I believe that individual stories have the power to shape our world. That’s why I do this work. Look at the Greta effect – how one, 16-year-old young woman mobilized an entire generation to seek change. I also believe that the stories we choose to share – and subvert – matter. These choices reveal your character, your brand and the kind of future you want. Like this –
When reality TV first came along, I worked on a show called Whistler Stories, about people in a ski resort town looking for love. Part of my assignment was to follow a young, gay ski instructor for the season, to tell his story. I’ll call him Peter. He was an incredibly articulate and intelligent guy, and he gave me and my crew unparalleled access to his private life. We went on dates, surfed the chat rooms and joined the exclusive Snowball gala with him. Peter even let us come to the doctor with him for his HIV test and results.
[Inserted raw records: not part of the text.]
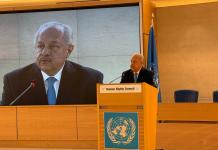 Guatemala participa en el 58° período de sesiones del Consejo de Derechos Humanos de la ONU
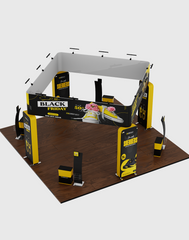 20x20 Modular Trade Show Booth - Pro 11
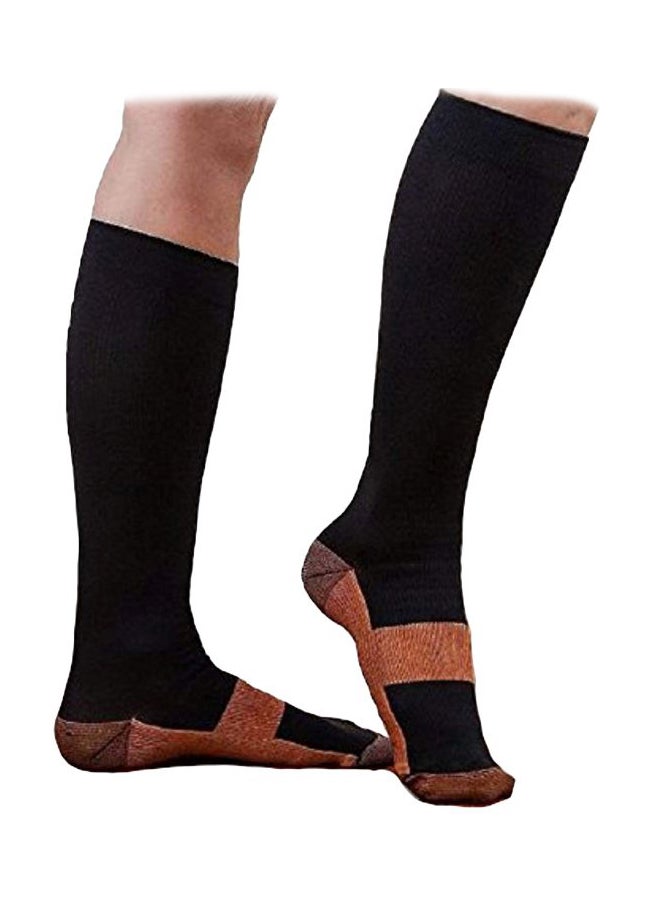 Pair Of Compression Copper Socks - v1570461729/N30654738A_1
Why would he put himself out there like that – especially when we weren’t paying him? Because he (and I) believed that his story had the power to change gender stereotypes and beliefs.
For three months, we covered Peter’s story, shaping it in the edit suite for release with the series the following year. Then, the unthinkable happened. I found out that the production company hadn’t yet secured the rights to include any locations or personnel that “belonged” to the ski resort in the TV series. They were still negotiating. When the resort owners found out we were featuring a gay ski instructor from their organization, they told my bosses that they’d have to cut Peter from the series if they wanted to get the rights they needed. Why? They were afraid that parents would pull their kids out of the ski school. So, my bosses caved and cut him. Peter’s critically important story would never be told. Unable to change their minds, I did the only thing I could. I quit. And, almost two decades later, I tell that story every chance I get, to make sure it’s not lost. That Peter’s voice is heard.
Every story matters. And every person has the power to tell her story, to ignite the change she wants to see in the world. Even when you think no one’s listening, you might be surprised. All it takes is one connection to make a difference.